A Double American Awakening

A Double American Awakening
AP Photo/Pablo Martinez Monsivais

America has been a land of religious awakenings. The First Great Awakening happened in the 1730s and 1740s; the Second Great Awakening occurred between the 1790s and 1820s. Protestant revivals and the formation of new Evangelical groups marked Christianity in the US as fervent and dynamic in a way that it had ceased to be in the Old World. Two new books both take the title of “American Awakening”, one as an exhortation, the other as an ironic description of the current process of politics and society.

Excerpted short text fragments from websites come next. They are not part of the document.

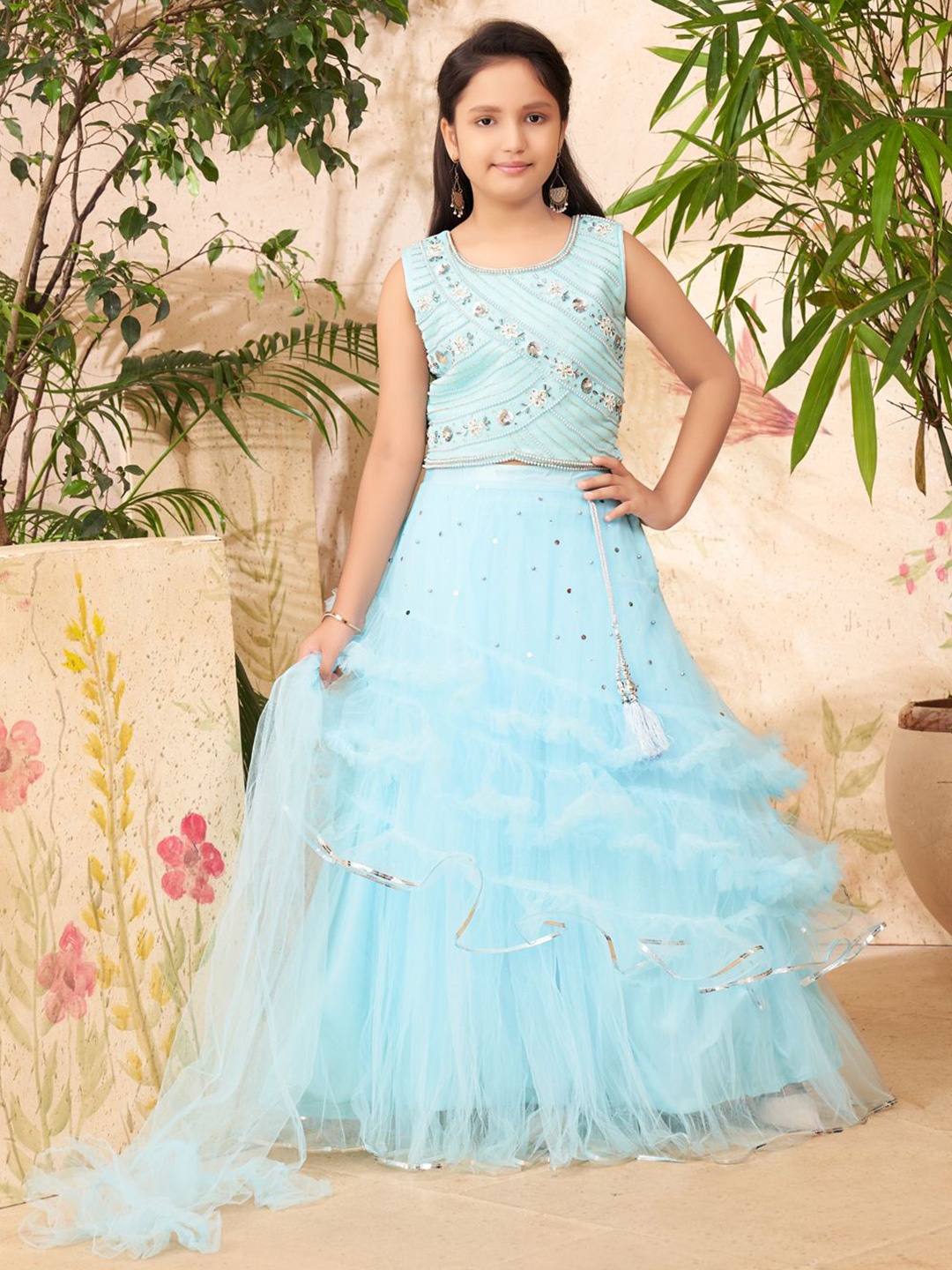 Aarika Girls Embroidered Ready to Wear Lehenga & Blouse With Dupatta, Turquoise blue
Aarika Girls Embroidered Ready to Wear Lehenga & Blouse With Dupatta, Turquoise blue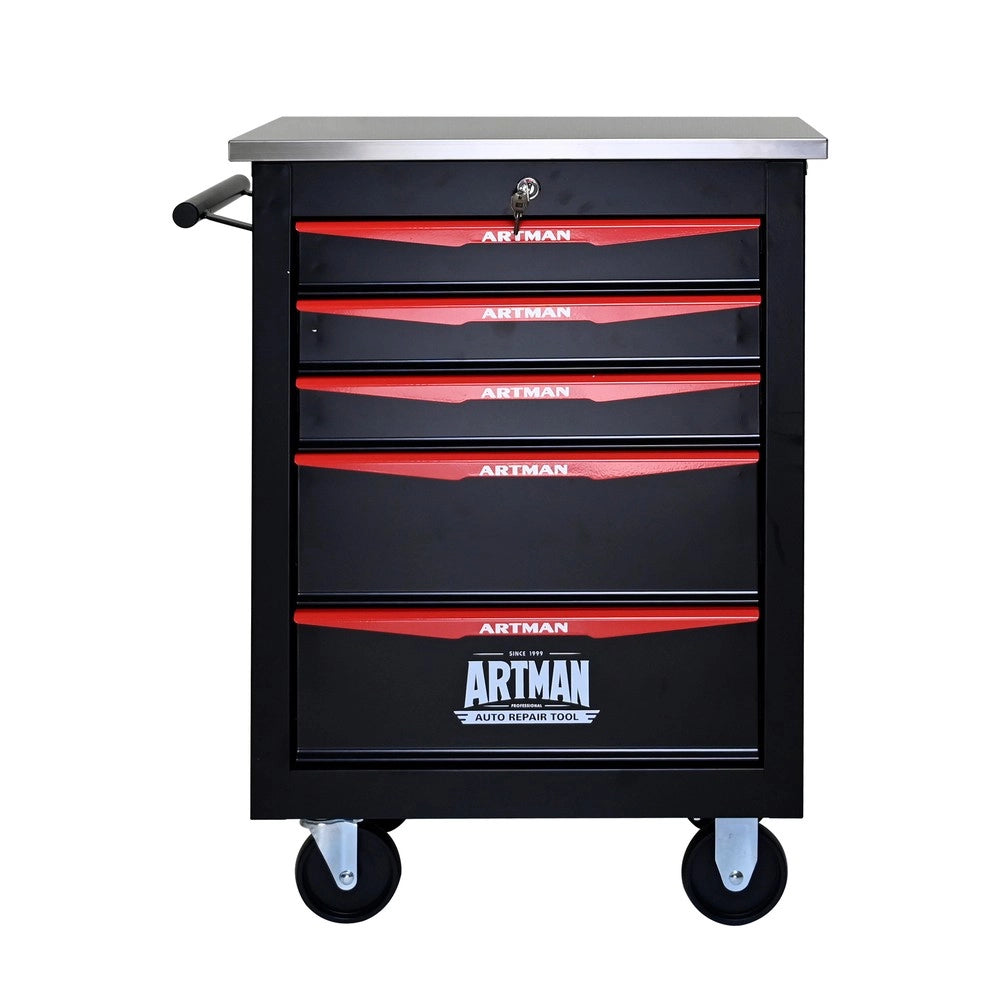 Carrello Portautensili 5 Cassetti con Ruote ¨C MINIMAL ¨C Metallo, Piano in Acciaio, Nero e Rosso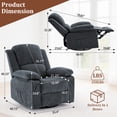 thumbnail image 2 of GEEYOO Swivel Rocker Recliner Chair with Massage and Heat Glider Recliner for Adults with Side Pockets Chenille for Living Room,Dark Grey, 2 of 6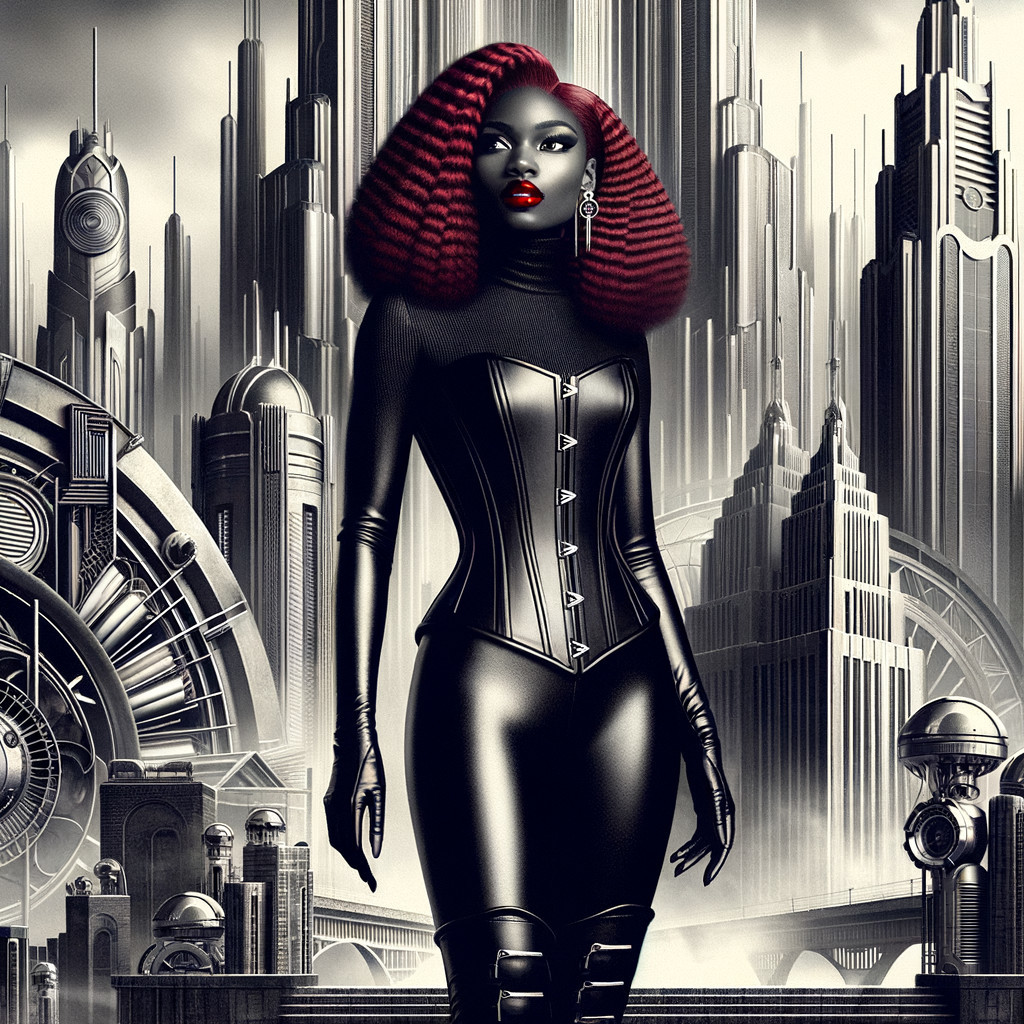 Futuristic Cityscape with Elegant Fashion Figure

Joshua Mitchell’s book regards identity politics as the awakening. “Americans have not lost their religion.  Americans have relocated their religion to the realm of politics.” This is not in itself a new observation. Others have noted that identity politics, or wokeness more generally, makes faith claims upon its devotees. Mitchell frames it as a narrative of sinners and saved, or white heterosexual males as the transgressors and other groups as the innocent. Under his analysis, identity politics is a religion without God, and without forgiveness. As he describes it:

“Identity politics comprehends this invisible economy in terms of a relationship between transgression and innocence, between purportedly monovalent groups—white, heterosexual men, on the one hand; and blacks, women, persons who identify as LGBTQ, and persons who identify with  still other identity groups, on the other.”

The predictable outcome of the societal “scapegoating” of white men is that some of them “eventually wonder if they, too,  have  been  victims,  and  begin  cataloging their own wounds.” Hence the emergence of the “men’s rights” movement, often animated by discussions online denouncing all their suffering as the fault of women and minorities.